◆ EXERCISE DIRECTIONS ◆
Each and every line below goes into your answer unchanged, but leave out the images.

◆ AVAILABLE DATA ◆

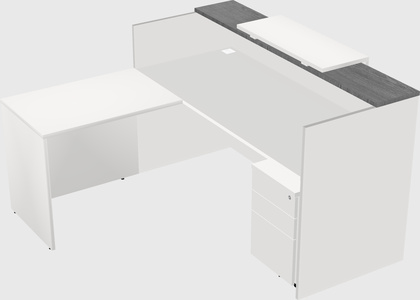 L-shaped modular reception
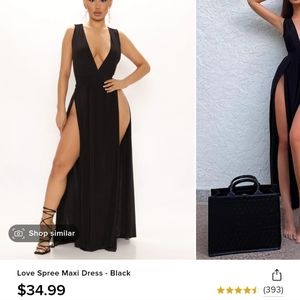 Blue Maxi Dress large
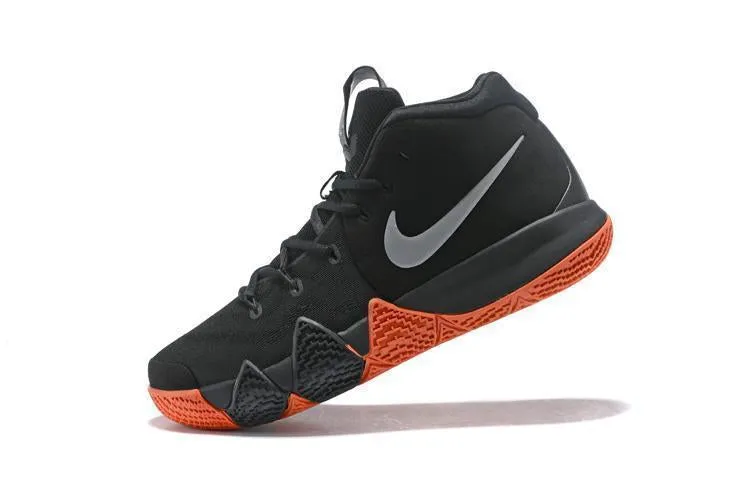 Nike Kyrie 4 Black Orange Men Basketball Shoes Sale Size US 7,8,8.5,9.5,10,11,12 Asics 0 Drop Shoes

◆ ANSWER TO THIS TASK ◆
 L-shaped modular reception
 Blue Maxi Dress large
 Nike Kyrie 4 Black Orange Men Basketball Shoes Sale Size US 7,8,8.5,9.5,10,11,12 Asics 0 Drop Shoes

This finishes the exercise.